Aim of the task: Below are some records; retype all of them exactly.

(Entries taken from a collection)

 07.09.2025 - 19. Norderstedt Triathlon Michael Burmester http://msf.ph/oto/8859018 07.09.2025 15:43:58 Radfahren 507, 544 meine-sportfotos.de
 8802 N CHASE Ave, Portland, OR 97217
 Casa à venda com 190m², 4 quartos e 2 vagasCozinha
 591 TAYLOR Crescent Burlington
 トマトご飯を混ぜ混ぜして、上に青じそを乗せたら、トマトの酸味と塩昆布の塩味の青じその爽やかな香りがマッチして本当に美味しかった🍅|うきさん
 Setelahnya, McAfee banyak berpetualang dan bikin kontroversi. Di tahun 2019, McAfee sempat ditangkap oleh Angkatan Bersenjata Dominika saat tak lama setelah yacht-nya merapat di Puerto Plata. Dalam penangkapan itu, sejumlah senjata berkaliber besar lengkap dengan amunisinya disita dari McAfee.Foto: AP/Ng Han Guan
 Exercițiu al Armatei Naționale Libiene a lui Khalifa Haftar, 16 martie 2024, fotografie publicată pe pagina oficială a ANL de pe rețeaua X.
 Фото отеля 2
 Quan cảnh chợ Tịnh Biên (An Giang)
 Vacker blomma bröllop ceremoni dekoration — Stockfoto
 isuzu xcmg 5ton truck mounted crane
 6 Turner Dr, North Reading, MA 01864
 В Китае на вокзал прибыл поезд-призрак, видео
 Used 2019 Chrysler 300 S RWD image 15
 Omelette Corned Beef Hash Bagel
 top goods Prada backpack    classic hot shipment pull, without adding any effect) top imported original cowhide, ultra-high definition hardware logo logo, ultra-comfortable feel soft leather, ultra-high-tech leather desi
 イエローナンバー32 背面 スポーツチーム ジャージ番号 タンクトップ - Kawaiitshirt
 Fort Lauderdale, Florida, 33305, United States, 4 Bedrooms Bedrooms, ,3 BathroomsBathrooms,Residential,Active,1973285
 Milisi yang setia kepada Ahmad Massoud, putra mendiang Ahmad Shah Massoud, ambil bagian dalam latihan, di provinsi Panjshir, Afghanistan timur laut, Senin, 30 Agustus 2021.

Response below:
 07.09.2025 - 19. Norderstedt Triathlon Michael Burmester http://msf.ph/oto/8859018 07.09.2025 15:43:58 Radfahren 507, 544 meine-sportfotos.de
 8802 N CHASE Ave, Portland, OR 97217
 Casa à venda com 190m², 4 quartos e 2 vagasCozinha
 591 TAYLOR Crescent Burlington
 トマトご飯を混ぜ混ぜして、上に青じそを乗せたら、トマトの酸味と塩昆布の塩味の青じその爽やかな香りがマッチして本当に美味しかった🍅|うきさん
 Setelahnya, McAfee banyak berpetualang dan bikin kontroversi. Di tahun 2019, McAfee sempat ditangkap oleh Angkatan Bersenjata Dominika saat tak lama setelah yacht-nya merapat di Puerto Plata. Dalam penangkapan itu, sejumlah senjata berkaliber besar lengkap dengan amunisinya disita dari McAfee.Foto: AP/Ng Han Guan
 Exercițiu al Armatei Naționale Libiene a lui Khalifa Haftar, 16 martie 2024, fotografie publicată pe pagina oficială a ANL de pe rețeaua X.
 Фото отеля 2
 Quan cảnh chợ Tịnh Biên (An Giang)
 Vacker blomma bröllop ceremoni dekoration — Stockfoto
 isuzu xcmg 5ton truck mounted crane
 6 Turner Dr, North Reading, MA 01864
 В Китае на вокзал прибыл поезд-призрак, видео
 Used 2019 Chrysler 300 S RWD image 15
 Omelette Corned Beef Hash Bagel
 top goods Prada backpack    classic hot shipment pull, without adding any effect) top imported original cowhide, ultra-high definition hardware logo logo, ultra-comfortable feel soft leather, ultra-high-tech leather desi
 イエローナンバー32 背面 スポーツチーム ジャージ番号 タンクトップ - Kawaiitshirt
 Fort Lauderdale, Florida, 33305, United States, 4 Bedrooms Bedrooms, ,3 BathroomsBathrooms,Residential,Active,1973285
 Milisi yang setia kepada Ahmad Massoud, putra mendiang Ahmad Shah Massoud, ambil bagian dalam latihan, di provinsi Panjshir, Afghanistan timur laut, Senin, 30 Agustus 2021.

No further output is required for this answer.